Or combien qu’il soit ainsi, que les Vents des trois autres parts du monde, sçavoir Ouest, Nord, & Sus, ne regnent pas en Maragnan & lieux circonvoisins en comparaison des vents de l’Est, ce n’est pas à dire pourtant, que les vents ne viennent quelquefois du Nord, & du Suz, & rarement de l’Ouest.
Les vents s’augmentent tousjours à Maragnan, depuis le mois d’Aoust jusqu’en Janvier, qui est proprement l’Esté de ceste terre, où le temps est tousjours serain : Cela vient du cours du Soleil, qui revenant du Solstice du Cancre, pour aller à celuy du Capricorne, il esleve les grandes vapeurs, qui sont en ces terres aqueuses & humides, de dessoubs la Zone Torride, & plus il s’approche de ces terres, plus aussi il en esleve, & par consequent les Vents se renforcent, lesquels ne sont autre chose, que ces mesmes vapeurs eslevees en l’air.
2. La raison pourquoy les pluyes ne commencent qu’à la my-Janvier, ou en Fevrier, & vont tousjours s’augmentant jusqu’au commencement de Juin, ou vers la fin d’Avril, est que le Soleil retourne du Solstice du Capricorne, vers le Solstice du Cancre, & tire à soy grande abondance d’humiditez de ces terres là, lesquelles s’epoississent en l’air, & tombent : Et d’autant plus que le Soleil s’approche de son terme, d’autant plus il augmente ses humiditez, & faict que leur cheute est plus espoisse, forte & subtile, & suivant cecy, nous voyons qu’en ce mesme Bresil, la saison & la force des pluyes est diverse, une terre l’ayant premiere que l’autre.
Ces pluyes sont pour l’ordinaire, abondantes, frequentes, longues, & continues, & ce plus la nuict que le jour, & ceste saison des pluyes est le temps de la semaille, laquelle incontinent pousse, germe, & donne augmentation, voire & la cueillette, ou moisson : Et cecy est, d’autant que ceste terre sabloneuse, est desseichee à cause de la proximité du Soleil ; & par ainsi les pluyes tombantes sur icelle, en abondance & continuation, elle absorbe en soy, par une avidité nompareille, ces pluyes, changeant sa secheresse, en une temperee humidité, mere de generations.
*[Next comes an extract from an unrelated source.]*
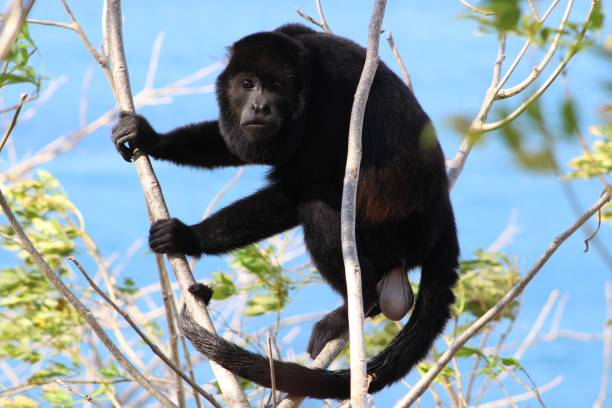 istock Animals of Costa Rica 996373184
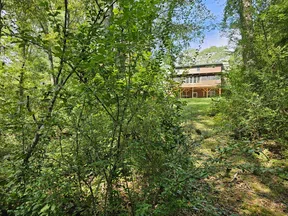 Wooden house elevated on stilts surrounded by dense green forest and under a clear blue sky.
Ces pluyes sont fort differentes de la rosee qui tombe la nuict, en la saison d’Esté ; parce que les pluyes ont une mauvaise odeur, & à l’oposite, la rosee a une tres-bonne odeur ; & la cause de cecy est, que les pluyes viennent du combat des grosses vapeurs aërees, & par consequent, apportent quant & soy, la qualité de leurs agens, & cause efficiente : Joinct que les pluyes tombantes avec impetuosité sur la terre, laquelle est couverte, ou des fueillages putrefiez, ou des cendres des bois bruslez, ces pluyes chaudes de leur nature outre ceste impetuosité, esmeuvent la terre, à rendre une odeur mauvaise, procedante de ces putrefactions : A l’oposite, la rosee tombant doucement, lors que la nuict est seraine, & non agitee, & qui plus est qualifiee d’une temperature froide, & non chaude, sans excez toutefois, donne bonne odeur, specialement quand elle tombe sur des herbes odoriferantes.
Au temps des pluyes, les corps sont plus maladifs, qu’au temps des Brises, où vents de l’Esté, & en voicy l’occasion : C’est en premier lieu, que les vents ne soufflent plus, & par consequent ne purgent l’air, & ne chassent les grosses vapeurs marines & aqueuses, qui de soy sont maladives. En second lieu, c’est que les nuës se battant & fracassant en ce temps des pluyes, elles produisent des pesanteurs aux corps, des maux de cœur, & des estouffemens d’estomach, les nerfs se laschent, & les os s’emplissent d’humidité : ce qui n’arrive pas au temps des vents, qui netoyent l’air, la mer & la terre.
3. Les tonnerres & esclairs sont sans aucune comparaison, plus forts & frequens au Bresil, qu’en ce vieil Monde, specialement au temps des pluyes, auquel les tonnerres sont espouventables, si bien que vous diriez, que la terre va renverser, & un esclair dure plus de temps, que douze d’icy : Pensez que font à lors les Sauvages, si le plus grand guerrier, oseroit pour lors mettre le nez à la porte ; & sans faire le bon valet, j’en ay eu plus que mon saoul de pœur, & neantmoins on ne s’apperçoit point de la cheute des tonnerres : je croy qu’en voicy la cause. Pendant que la chaleur a son regne paisible, depuis Aoust, jusqu’en Fevrier, rarement on entend les tonnerres : mais quand le combat de la froidure, & de la chaleur, s’esleve depuis Fevrier jusqu’en Juin, il faut de necessité, que l’amorce & le canon jouë, qui sont ces esclairs & tonnerres : & pour ce que la chaleur est en sa force, soubs la Zone Torride, & que la froidure se fortifie en ce temps-là, par le retour du Soleil, du Capricorne au Cancre, avec l’amas des humiditez concrees en l’air : Il faut par consequent, que le combat en soit plus grand : les tonnerres plus frequens, & les esclairs plus furieux. Or la cause, pourquoy on ne s’apperçoit point de la cheute du tonnerre, ce sont les arbres hauts & puissans de ces pays, lesquels arbres naturellement en tous pays, sont le jouët & la niche des tempestes foudroyantes : Partant comme ceste terre est couverte de forests, enrichies d’arbres de hauteur admirable, il est bien aisé que le tonnerre tombe sans s’en appercevoir. Joinct l’experience qu’on en a tous les jours par les arbres abatus & bruslez, qui se rencontrent dans les forests.